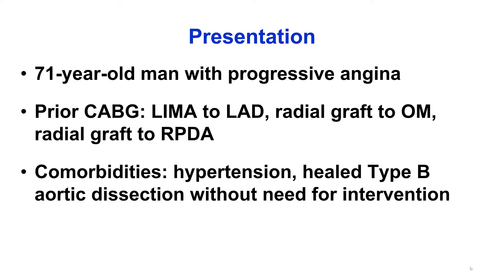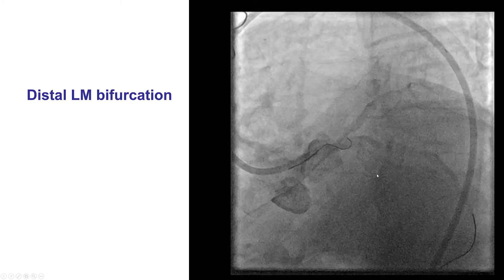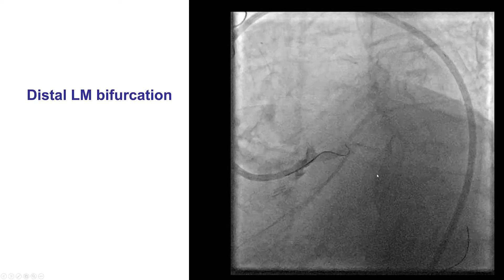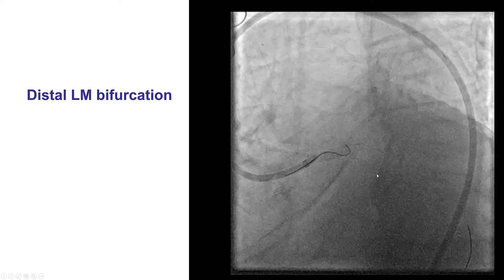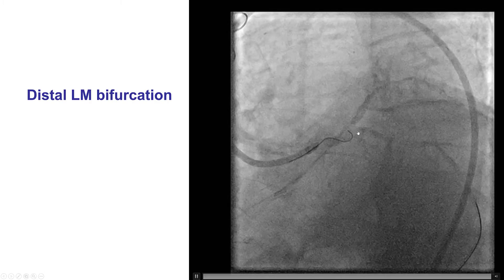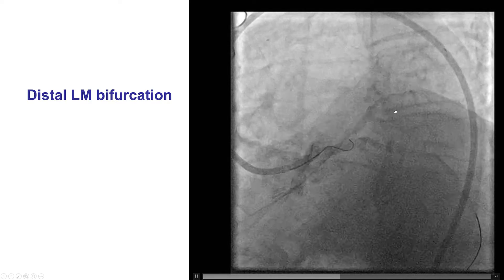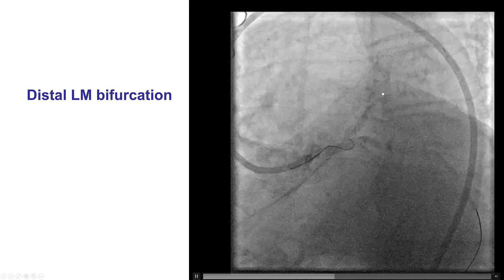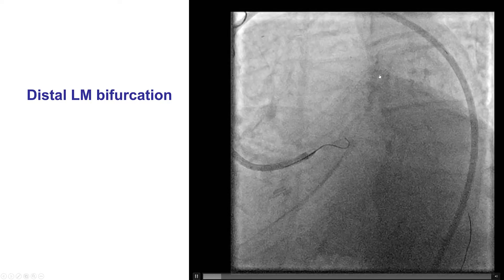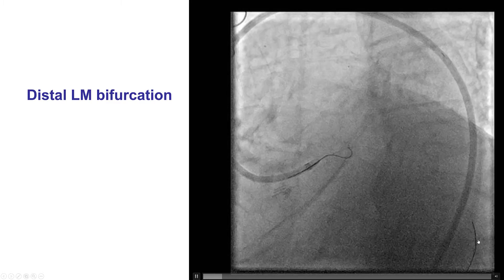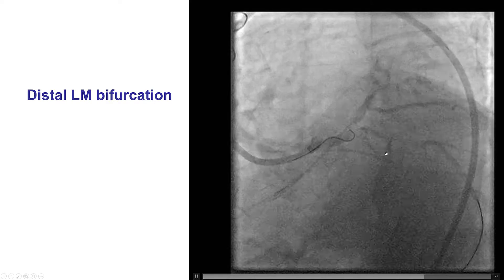The patient was an elderly man with progressive angina. He had previous coronary bypass with LIMA to LAD, radial to obtuse marginal, and radial to posterior descending artery. He also had a healed type B aortic dissection. He was referred for PCI of a distal left main ostio-circumflex bifurcation lesion, with a significant lesion at the origin of both vessels. The LAD was significant because two large diagonal branches were originating before the LAD occlusion, which was supplied by the LIMA, and there was also a significant amount of lateral wall territory supplied by the circumflex.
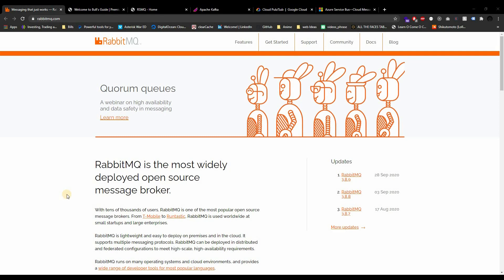What's going on guys and welcome back to a brand new video. This is Web Dev Journey and in today's video we're going to be talking about a new series which is RabbitMQ. Yes, we're going to do a whole series with RabbitMQ.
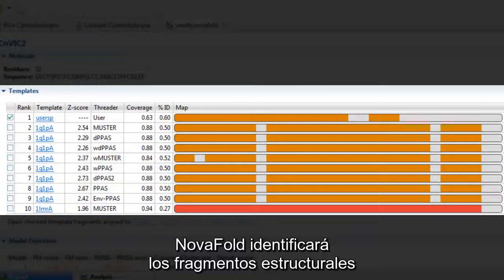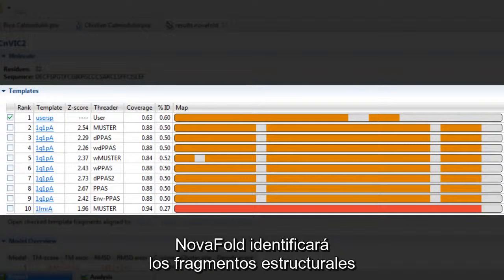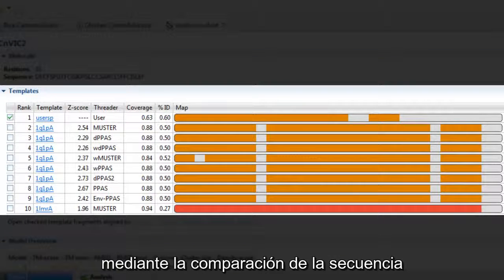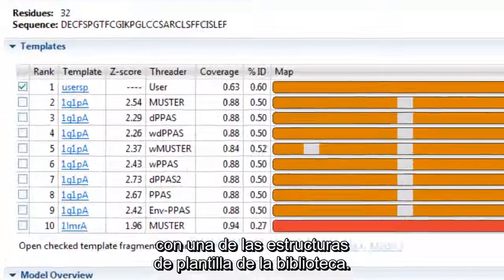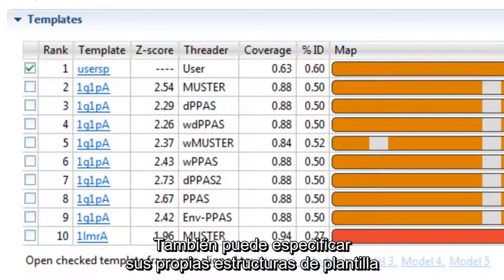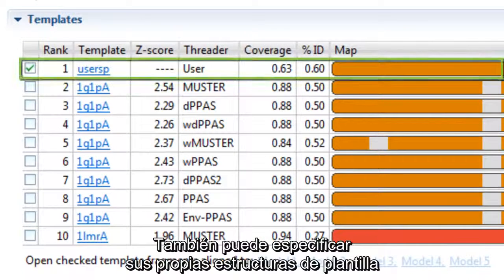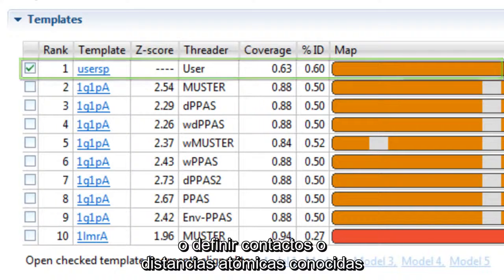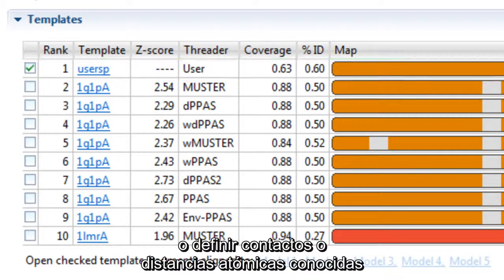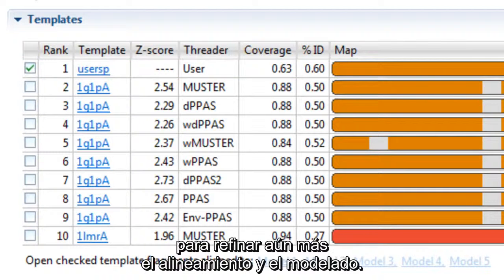NovaFold will identify structural fragments by comparing the sequence to a library of template structures. You may also specify your own template structures or define known atomic distances or contacts to further refine the alignment and modeling.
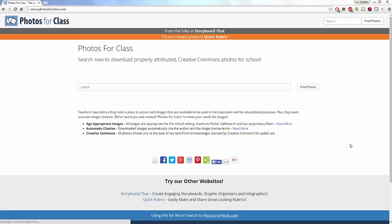Hello everyone, my name is Heather Moorfield-Lang and this is my YouTube channel Tech 15. Today I'm going to be introducing you to Photos for Class — a wonderful online tool that helps you find age-appropriate images for all different types of school projects, presentations, and educational purposes. It's a great location to find a safe image database where you can download and attribute images properly with Creative Commons licensing.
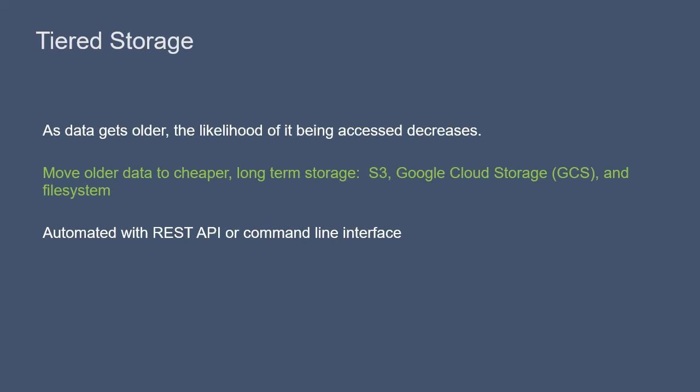Pulsar supports tiered storage. Tiered storage is the automated predetermined movement of data from one type of storage into another.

- _Aim of the task_:
Skipping the images, write out the whole listing exactly.

- _Task answer_:
The patient was an elderly man with progressive angina. He had previous coronary bypass with LIMA to LAD, radial to obtuse marginal, and radial to posterior descending artery. He also had a healed type B aortic dissection. He was referred for PCI of a distal left main ostio-circumflex bifurcation lesion, with a significant lesion at the origin of both vessels. The LAD was significant because two large diagonal branches were originating before the LAD occlusion, which was supplied by the LIMA, and there was also a significant amount of lateral wall territory supplied by the circumflex.
What's going on guys and welcome back to a brand new video. This is Web Dev Journey and in today's video we're going to be talking about a new series which is RabbitMQ. Yes, we're going to do a whole series with RabbitMQ.
NovaFold will identify structural fragments by comparing the sequence to a library of template structures. You may also specify your own template structures or define known atomic distances or contacts to further refine the alignment and modeling.
Hello everyone, my name is Heather Moorfield-Lang and this is my YouTube channel Tech 15. Today I'm going to be introducing you to Photos for Class — a wonderful online tool that helps you find age-appropriate images for all different types of school projects, presentations, and educational purposes. It's a great location to find a safe image database where you can download and attribute images properly with Creative Commons licensing.
Pulsar supports tiered storage. Tiered storage is the automated predetermined movement of data from one type of storage into another.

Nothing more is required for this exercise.